If there are other dangerous elements involved, this might not be an adequate answer.


----------



## j2000 (Nov 27, 2015)

Thanks Solar_Plasma,
There's also Gypsum in small qtt...


----------



## upcyclist (Nov 27, 2015)

j2000 said:


> Better i direct clean Fe include S with HCL ?
> or
> Better i doing inceneration first around 700 deg celcius to boiling the sulfur?



It's a little unclear: Are there sulfides/sulfates/sulfur in your ore, or are you talking about processing with sulfuric acid?

I understand you may not be a native English speaker, but precision in language is important on this forum. Since you said "boil", I question whether you are talking about roasting off sulfur compounds or heating an acid solution. "Roast" or "incinerate" are appropriate for solids, "boil" is for liquids. Even if you're talking about acids, you may want to heat, but be careful about boiling.

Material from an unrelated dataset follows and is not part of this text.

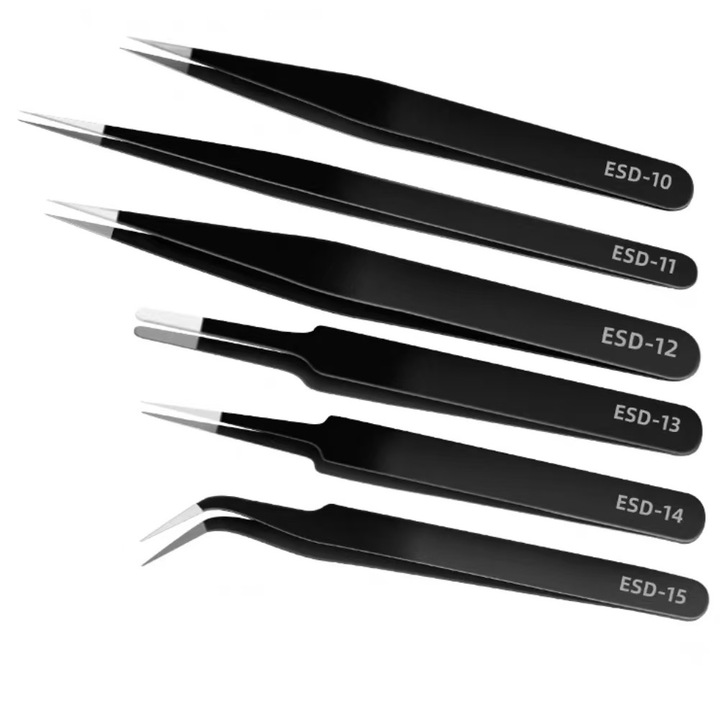 Set 6 piese pensete din otel inoxidabil, negru, 6 dimensiuni, varfuri ascutite si curbate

It's dangerous, and often unnecessary.


----------



## Geo (Nov 27, 2015)

Roast the ore to a dull red heat and keep it there for about 20-30 minutes unless you are doing hundred pound lots at a time. I remember seeing the huge cast iron pots at mining camps and thinking they were cooking a lot of soup at one time. Later I found out what they were really being used for.


----------



## j2000 (Nov 28, 2015)

upcyclist said:


> j2000 said:
> 
> 
> > Better i direct clean Fe include S with HCL ?
> ...



Thanks upcyclist, i just knowing now, boil is just for liquid not for solid thing in chemical...
Its powder (solid) something like from ore, and i need to clean iron on this ore using HCL, but as i know this ore also have much sulfur, or fe sulfate (iam sorry is different).


----------



## j2000 (Nov 28, 2015)

Geo said:


> Roast the ore to a dull red heat and keep it there for about 20-30 minutes unless you are doing hundred pound lots at a time. I remember seeing the huge cast iron pots at mining camps and thinking they were cooking a lot of soup at one time. Later I found out what they were really being used for.

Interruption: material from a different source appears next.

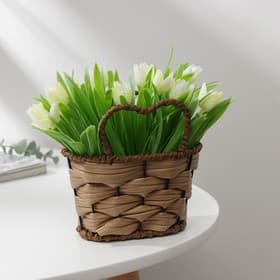 Кашпо для цветов плетёное с ручками Доляна «Сердце», 13.5×10×12.5 см, светло-коричневое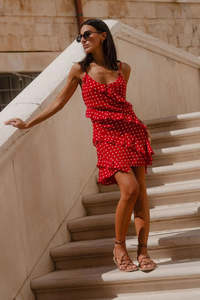 GEORGIA MAE PASSION CHERRY DITSY POLKA DOT BIAS RUFFLE MINI SLIP DRESS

Thanks for your suggest....so its better to roast it first than clean with HCL...
Btw,as i know something like sulfur boiling point is 400 more celcius, i prefer using 800 deg celcius, it's ok?

Regards

Joel


----------



## solar_plasma (Nov 28, 2015)

about how to roast sulfide containing gold ores: Roserich, Metallurgy of gold, p. 237

http://ia700400.us.archive.org/35/items/metallurgyofgold00roserich/metallurgyofgold00roserich.pdf

Be aware of some nasty vapors and gasses under the roasting process. At least SO2 after oxidizing the sulfides with heat and air. Possibly arsene and selen compounds, zinc oxide vapors and probably other nasty stuff I can't think of right now.


----------



## j2000 (Nov 28, 2015)

solar_plasma said:


> about how to roast sulfide containing gold ores: Roserich, Metallurgy of gold, p. 237
> 
> http://ia700400.us.archive.org/35/items/metallurgyofgold00roserich/metallurgyofgold00roserich.pdf
> 
> Be aware of some nasty vapors and gasses under the roasting process. At least SO2 after oxidizing the sulfides with heat and air. Possibly arsene and selen compounds, zinc oxide vapors and probably other nasty stuff I can't think of right now.



Thanks Solar_Plasma, 
That is very sacred book, since 1899, cover included...hehehe

I already download now...
Thanks for sharing...

Regards

Joel


----------



## g_axelsson (Nov 28, 2015)

From the discussion I get the impression that more than one person thinks that sulfur and sulfides are the same thing, or iron can be treated just as iron sulfide (pyrite).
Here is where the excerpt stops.